CWR sequence of invariants of alternating links and its properties
Michal Jablonowski
TL;DR
The paper develops the $CWR$ invariant for alternating links, a sequence of two-variable polynomials that strengthens the prior $WRP$ invariant by incorporating richer diagram structure through weighted Tait graphs. It proves flype invariance, provides matrix and skein-based computation methods, and demonstrates that $CWR$ can distinguish knots that classical invariants like $HOMFLYPT$ and $Kauffman$ 2v/3v cannot in many cases. Key contributions include a formal definition via $G_B^*$ and $G_W^*$, additive behavior under connected sums, mutation and chirality analyses (with notable exceptions such as $K14a506$), and explicit matrix formulas for $CWR_2$ and $CWR_3$ along with recursive relations.

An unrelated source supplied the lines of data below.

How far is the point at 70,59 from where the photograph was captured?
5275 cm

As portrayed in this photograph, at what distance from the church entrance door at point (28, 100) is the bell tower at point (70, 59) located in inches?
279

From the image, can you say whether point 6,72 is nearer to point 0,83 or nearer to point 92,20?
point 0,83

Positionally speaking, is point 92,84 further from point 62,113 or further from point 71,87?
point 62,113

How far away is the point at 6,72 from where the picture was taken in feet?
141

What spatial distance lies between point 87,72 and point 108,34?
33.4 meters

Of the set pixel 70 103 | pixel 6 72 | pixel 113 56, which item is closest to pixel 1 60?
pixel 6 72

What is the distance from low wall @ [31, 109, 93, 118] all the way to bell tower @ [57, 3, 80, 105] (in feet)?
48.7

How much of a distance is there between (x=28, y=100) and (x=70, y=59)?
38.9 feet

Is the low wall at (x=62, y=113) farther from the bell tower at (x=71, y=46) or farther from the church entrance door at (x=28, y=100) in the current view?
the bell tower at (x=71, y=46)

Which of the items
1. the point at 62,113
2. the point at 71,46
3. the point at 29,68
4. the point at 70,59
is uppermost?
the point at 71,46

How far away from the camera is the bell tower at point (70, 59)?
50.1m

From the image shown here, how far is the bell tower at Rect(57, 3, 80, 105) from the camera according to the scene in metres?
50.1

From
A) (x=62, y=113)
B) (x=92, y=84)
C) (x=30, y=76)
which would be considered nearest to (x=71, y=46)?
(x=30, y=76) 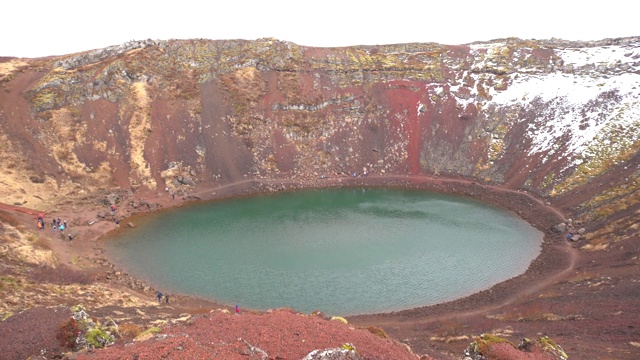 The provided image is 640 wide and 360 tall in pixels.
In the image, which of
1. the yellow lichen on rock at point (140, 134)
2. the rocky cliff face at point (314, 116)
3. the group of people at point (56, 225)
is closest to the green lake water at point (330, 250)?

The authors also deliver computational tables for knots up to eight crossings and provide broader data up to sixteen crossings, illustrating $CWR$ as a practical and powerful discriminant tool in knot theory, especially for alternating knots.
Abstract
We present the $CWR$ invariant, a new invariant for alternating links, which builds upon and generalizes the $WRP$ invariant. The $CWR$ invariant is an array of two-variable polynomials that provides a stronger invariant compared to the $WRP$ invariant. We compare the strength of our invariant with the classical HOMFLYPT, Kauffman $3$-variable, and Kauffman $2$-variable polynomials on specific knot examples. Additionally, we derive general recursive "skein" relations, and also specific formulas for the initial components of the $CWR$ invariant using weighted adjacency matrices of modified Tait graphs.